2020/07/04 日本工業経済新聞(栃木版)

 広域的交通の要衝と首都圏に近接する優位性を併せ持つ佐野市は、首都圏のバックアップ機能を果たす災害時の総合物流防災拠点都市を目指していく。東京圏企業の工場や事業所、本社機能の移転誘致を佐野インランドポートや出流原PAスマートIC周辺へ促進。大規模災害時でも首都圏企業の事業継続を担保できるよう物流のサプライチェーンを完備する。国土強靭化地域計画案に盛り込み、優先的に取り組む施策に位置付けた。

 計画期間は2020~29年度の10年間。基本理念は「協働で築く安全安心な未来 災害に強いまちづくり」に据え、国や県全体の強靭化に貢献。県や周辺市町と相互応援体制を構築し、民間事業者との連携を強化。首都圏避難者受け入れと諸機能を代替する。

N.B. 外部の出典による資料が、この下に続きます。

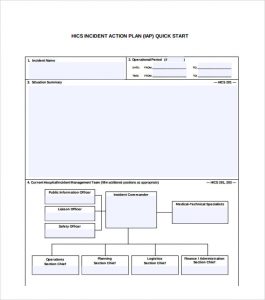 fire escape plan template hics incident action plan template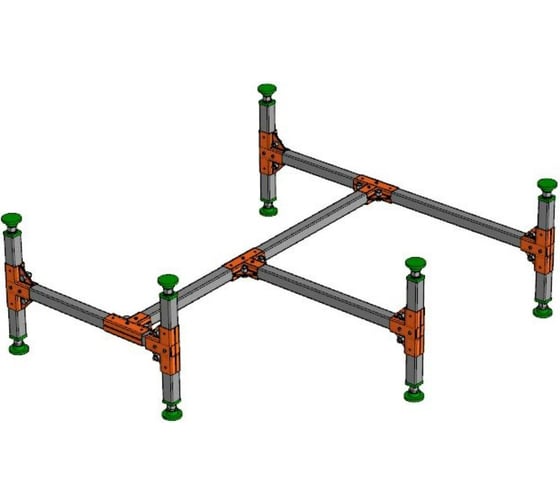 Изображение товара Каркас для полукруглого поддона 90 РУСАК КДК90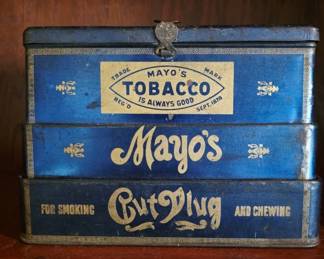 Early 1900s Mayo’s Tobacco Tin Box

 交通網は北関東を横断する国道50号が市街地南端に沿って東西に延び、東端をかすめて南北に走る東北自動車道佐野藤岡ICに連結。北関東自動車道は市中央部を貫き、東北道岩舟JCTに接続。国道293号は南部市街地から市中央部を突き抜けていく。

 東北道佐野藤岡ICに加え、10年4月に北関東道佐野田沼IC、11年4月に東北道佐野SAスマートICが開通し、今後は北関東道出流原PAにスマートICが設置予定。佐野新都市バスターミナルは高速バスのハブ機能を有し、大都市圏に乗り入れている。

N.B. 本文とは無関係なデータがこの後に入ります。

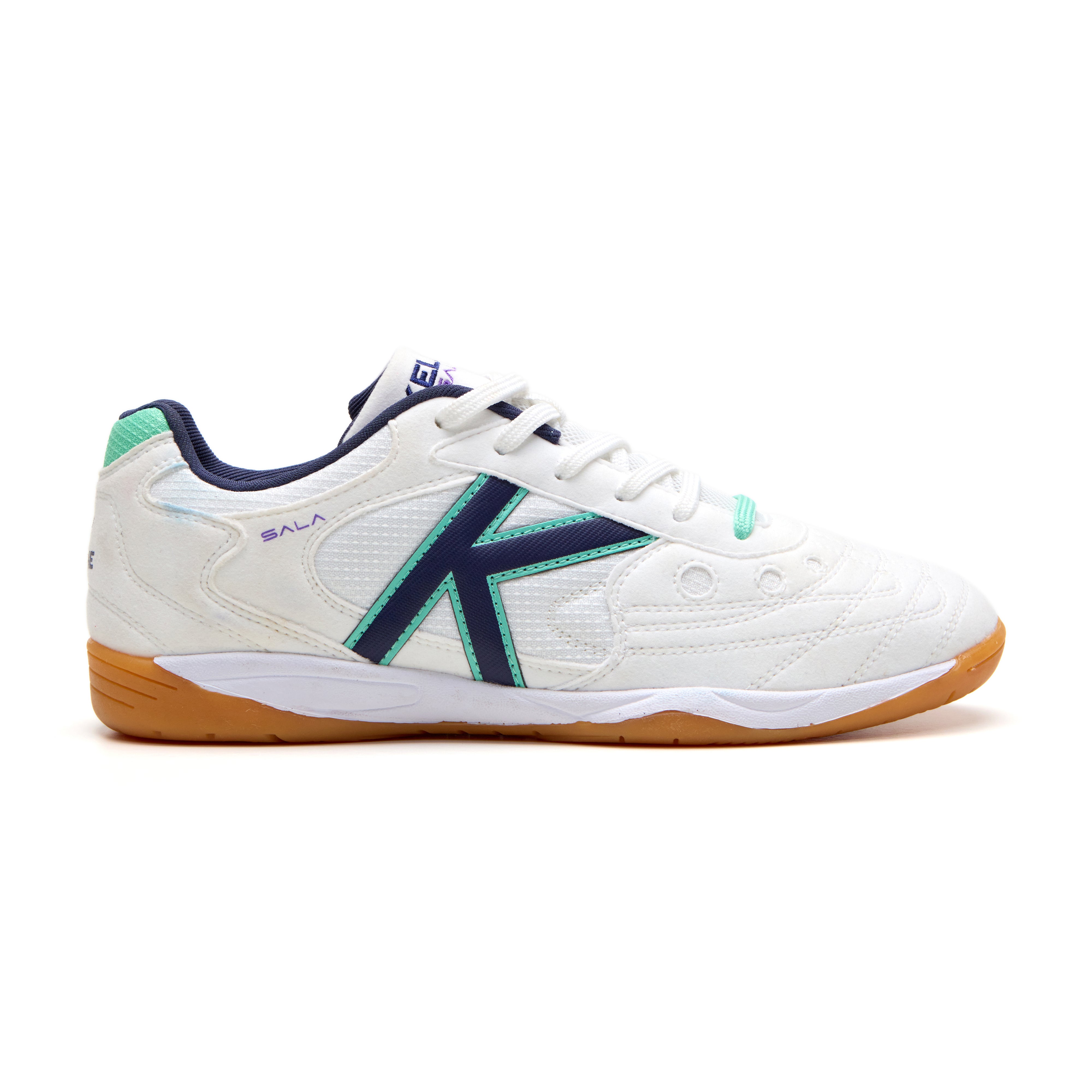 Kelme Zapatillas de fútbol sala unisex Indoor Copa Blanco / Azul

 鉄道網は東西軸のJR両毛線が小山~高崎駅に連結。小山駅からは東北新幹線や宇都宮線、高崎駅からは上越新館や高崎線で容易に東京駅にアクセス。東武線は葛生駅~田沼駅~佐野駅~館林駅経由で浅草駅に向かう。東京から70㎞圏内に位置し、利便性が高い。

 市の産業構造はプラスチック製品製造業や食品製造業が中心。佐野工業団地、羽田工業団地、田沼工業団地、佐野インター産業団地、佐野みかも台産業団地、佐野田沼インター産業団地、佐野AWS産業団地の7カ所を拠点に産業活動が活発化。

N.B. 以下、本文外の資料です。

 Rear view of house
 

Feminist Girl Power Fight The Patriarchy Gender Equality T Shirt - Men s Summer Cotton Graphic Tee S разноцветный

 17年に開設した佐野インランドポートを核に、総合物流拠点を創出。集配拠点、燃料供給備蓄基地、代替港湾となる搬出入機能を整える。市内産業団地は完売し、産業用地が不足。高速道路や幹線道路への接続性の高いエリアに産業用地を造成し、需要に応える。

 国道50号や国道293号の道路網が充実し、北関東道IC開発に伴う高速道へのアクセス性の良さから周辺への産業基盤整備の一層の向上が期待されている。一方、国は今後30年以内にマグニチュード7クラスの首都直下型地震の発生確率を70%と予測。

 首都機能に甚大な被害を及ぼす災害が発生した場合、リスク分散重視による企業立地を推し進める。エネルギー供給の停止やサプライチェーンの寸断、用水供給途絶に伴う社会経済活動への打撃を回避。経済が機能不全に陥らないよう地域防災力を強化する。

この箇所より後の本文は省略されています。